What I had stumbled upon, in fact, was one of Frederick’s signature features – the trompe l’oeil ("deceive the eye") paintings of artist William Cochran. However, it wasn’t until later that I discovered Cochran’s masterpiece, the Community Bridge. I had seen the bridge before from a distance – an old stone bridge spanning Carroll Creek. Only later, when I strolled along the Carroll Creek Park causeway, did I realize the "old stone bridge" was, in fact, another stunning trompe l’oeil illusion: the "stones" were painted on a plain concrete surface, as was the ivy growing on it, a bronze gate, and fountain set nearby. I examined the bridge more closely: a rich tapestry of symbols, faces, medallions, and subtle optical illusions emerged. I was fascinated. What could it all mean?

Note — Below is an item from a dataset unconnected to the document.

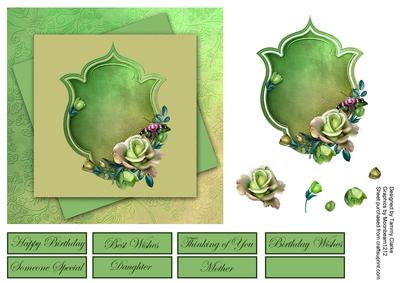 Light Green Roses Card Topper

Later I learned about the history of the Community Bridge, a project undertaken by literally the entire community – though from start to finish it was the brainchild of Cochran, working with a handful of assistants. He’d had some success with the murals he’d painted around town. However, when he first suggested "painting a bridge on a bridge," community leaders thought he was crazy.
When Cochran finally got approval for the project, his "crazy" concept took wing. Ideas for the bridge were solicited from the local community and far beyond, with all the motifs adhering to the central "community" concept. Suggestions from places as far flung as South Africa and Indonesia were incorporated into the hundreds of symbolic features worked into the "stones" of the bridge.
Contributors to the bridge were asked, "What object represents the spirit of community to you?" The symbols they selected were intriguing: a key, a knot, a hand, a thistle, a chameleon, a spider web, a spiral, and many others. They remind me of Thomas Wolfe’s verbal talismans – "a stone, a leaf, a door…" But while Wolfe asserted that "You can’t go home again," this bridge was meant to be the distillation of home and community itself.
Of course, the overarching symbol is the bridge itself: as a connection from one person, race, culture, or generation to another. Just as significant is the symbolism of the "illusions." Cochran explained that, "The small illusions I create with paint are nothing compared to the large illusions we all insist on being fooled by every day. What if our sense that we are separated from each other by all kinds of differences and barriers is simply an illusion, no more real than the images I paint?"